On the way back to the hotel the ever-affable Horsban took the group on a detour through the Bo-Kaap, with colourful houses and history, followed by a splendid seafood dinner at the popular V&A Waterfront that was variously described as “good”, “delicious” and “expensive”.

Wednesday – and Mother Nature came out to play, offering a glorious day without a breath of wind. Again, the morning was taken up with presentations and information-sharing, this time at the Oil and Gas Expo.

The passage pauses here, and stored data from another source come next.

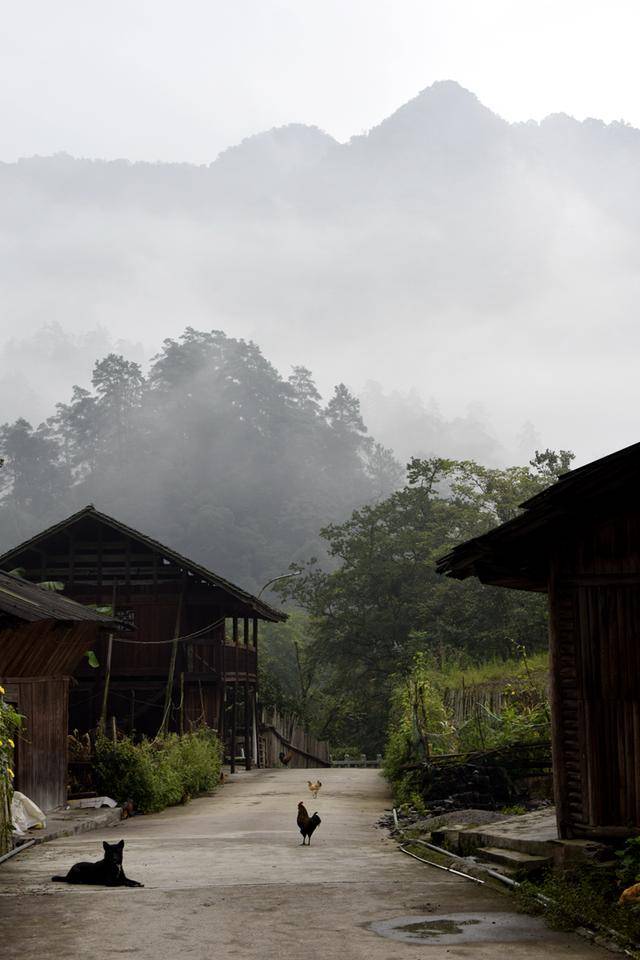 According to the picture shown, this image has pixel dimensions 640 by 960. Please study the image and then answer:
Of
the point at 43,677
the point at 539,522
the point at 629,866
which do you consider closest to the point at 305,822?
the point at 539,522

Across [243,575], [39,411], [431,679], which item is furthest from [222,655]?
[39,411]

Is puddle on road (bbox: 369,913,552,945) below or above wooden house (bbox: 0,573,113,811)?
below

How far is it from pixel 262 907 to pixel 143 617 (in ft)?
80.4

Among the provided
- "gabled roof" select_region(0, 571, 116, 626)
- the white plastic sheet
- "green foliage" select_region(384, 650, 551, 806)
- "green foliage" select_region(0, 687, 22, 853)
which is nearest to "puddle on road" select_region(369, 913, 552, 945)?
"green foliage" select_region(0, 687, 22, 853)

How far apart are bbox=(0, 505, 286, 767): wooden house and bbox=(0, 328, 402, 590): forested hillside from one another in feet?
204

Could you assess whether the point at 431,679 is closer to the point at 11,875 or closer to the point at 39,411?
the point at 11,875

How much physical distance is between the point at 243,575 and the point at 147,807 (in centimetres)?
7068

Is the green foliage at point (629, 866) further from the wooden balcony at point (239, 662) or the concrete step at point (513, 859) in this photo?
the wooden balcony at point (239, 662)

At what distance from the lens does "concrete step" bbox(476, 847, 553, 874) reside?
449 inches

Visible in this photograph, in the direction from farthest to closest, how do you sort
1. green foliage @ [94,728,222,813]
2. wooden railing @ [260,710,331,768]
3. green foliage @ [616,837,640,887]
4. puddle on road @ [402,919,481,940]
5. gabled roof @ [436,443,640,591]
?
wooden railing @ [260,710,331,768], green foliage @ [94,728,222,813], gabled roof @ [436,443,640,591], green foliage @ [616,837,640,887], puddle on road @ [402,919,481,940]

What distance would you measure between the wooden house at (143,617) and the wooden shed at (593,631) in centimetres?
2192

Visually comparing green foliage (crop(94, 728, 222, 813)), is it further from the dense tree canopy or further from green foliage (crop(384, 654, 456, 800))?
the dense tree canopy

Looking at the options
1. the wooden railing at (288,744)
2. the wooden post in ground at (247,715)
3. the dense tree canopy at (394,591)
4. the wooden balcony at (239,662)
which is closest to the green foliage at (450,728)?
the wooden balcony at (239,662)

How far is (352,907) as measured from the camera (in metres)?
10.5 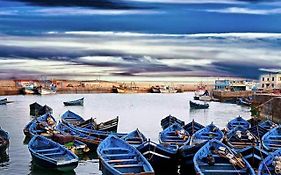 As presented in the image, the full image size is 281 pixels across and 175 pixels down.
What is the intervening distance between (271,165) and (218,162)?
2187mm

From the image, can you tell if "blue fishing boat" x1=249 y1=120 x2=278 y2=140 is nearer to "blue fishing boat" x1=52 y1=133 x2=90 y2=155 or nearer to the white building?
"blue fishing boat" x1=52 y1=133 x2=90 y2=155

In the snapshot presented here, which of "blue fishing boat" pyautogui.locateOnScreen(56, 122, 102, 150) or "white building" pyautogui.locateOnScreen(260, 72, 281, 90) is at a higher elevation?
"white building" pyautogui.locateOnScreen(260, 72, 281, 90)

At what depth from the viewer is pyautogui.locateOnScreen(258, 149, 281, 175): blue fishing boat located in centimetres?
1656

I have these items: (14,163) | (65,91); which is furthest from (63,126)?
(65,91)

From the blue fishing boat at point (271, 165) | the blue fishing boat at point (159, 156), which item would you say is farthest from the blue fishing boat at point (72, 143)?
the blue fishing boat at point (271, 165)

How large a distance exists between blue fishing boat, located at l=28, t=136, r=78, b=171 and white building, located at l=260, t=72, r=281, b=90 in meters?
81.5

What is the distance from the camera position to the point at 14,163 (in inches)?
938

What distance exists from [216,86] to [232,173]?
9947 centimetres

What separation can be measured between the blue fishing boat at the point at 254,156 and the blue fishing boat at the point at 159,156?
10.2 feet

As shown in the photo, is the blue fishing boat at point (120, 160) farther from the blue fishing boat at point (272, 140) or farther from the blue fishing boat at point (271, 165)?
the blue fishing boat at point (272, 140)

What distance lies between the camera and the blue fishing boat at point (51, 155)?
2005cm

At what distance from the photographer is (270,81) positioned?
102 metres

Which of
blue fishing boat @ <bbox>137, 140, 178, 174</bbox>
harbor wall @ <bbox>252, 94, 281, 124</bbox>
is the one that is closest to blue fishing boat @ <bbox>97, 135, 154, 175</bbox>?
blue fishing boat @ <bbox>137, 140, 178, 174</bbox>

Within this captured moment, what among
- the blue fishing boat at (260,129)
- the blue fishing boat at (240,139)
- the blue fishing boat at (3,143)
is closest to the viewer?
the blue fishing boat at (240,139) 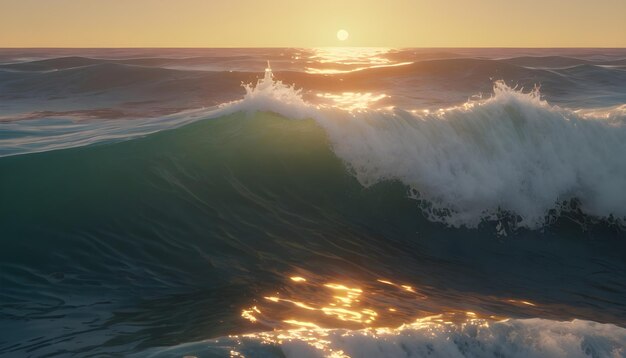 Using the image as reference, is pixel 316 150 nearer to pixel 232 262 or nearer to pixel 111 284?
pixel 232 262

The historic Robben Island was on the agenda for the afternoon, but everyone opted for the mountain instead. Walking on one of the new seven wonders of nature trumped heritage.

On the mountain

The cableway was open, and cars were parked for several kilometres down the winding mountain road. But with tickets pre-booked online and a taxi ride to the cableway station there was little delay before the group was ushered into the large and airy cable car.

The car takes 65 people at a time, which can be a bit of a squash. There is no need to hog the windows though, as the floor rotates during the ascent, giving each passenger a 360° view.

Romanos spoke about investments. His company organises conferences between businesses, and he believes there is much scope for the two regions to work together. “Arab businesses are looking for opportunity,” he said.

When the group stepped out at the top the views took their breath away and they spent a good two hours wandering around, taking pictures and marvelling at the cute dassies, or rock hyraxes – these little animals are closely related to the elephant.

“I am half-way between happy and depressed,” said Saqqa, “happy to be here, but depressed that soon I have to return to civilisation.”

Her sentiments were shared by the other members of the group. Smith said: “I see Johannesburg is for business, but Cape Town is more for pleasure.”

There was time for some cold refreshments before a walk on the white sands of Camp’s Bay beach and dinner at a traditional restaurant in the city bowl.

“We are sad to go, but have enjoyed our time here,” said Alawam.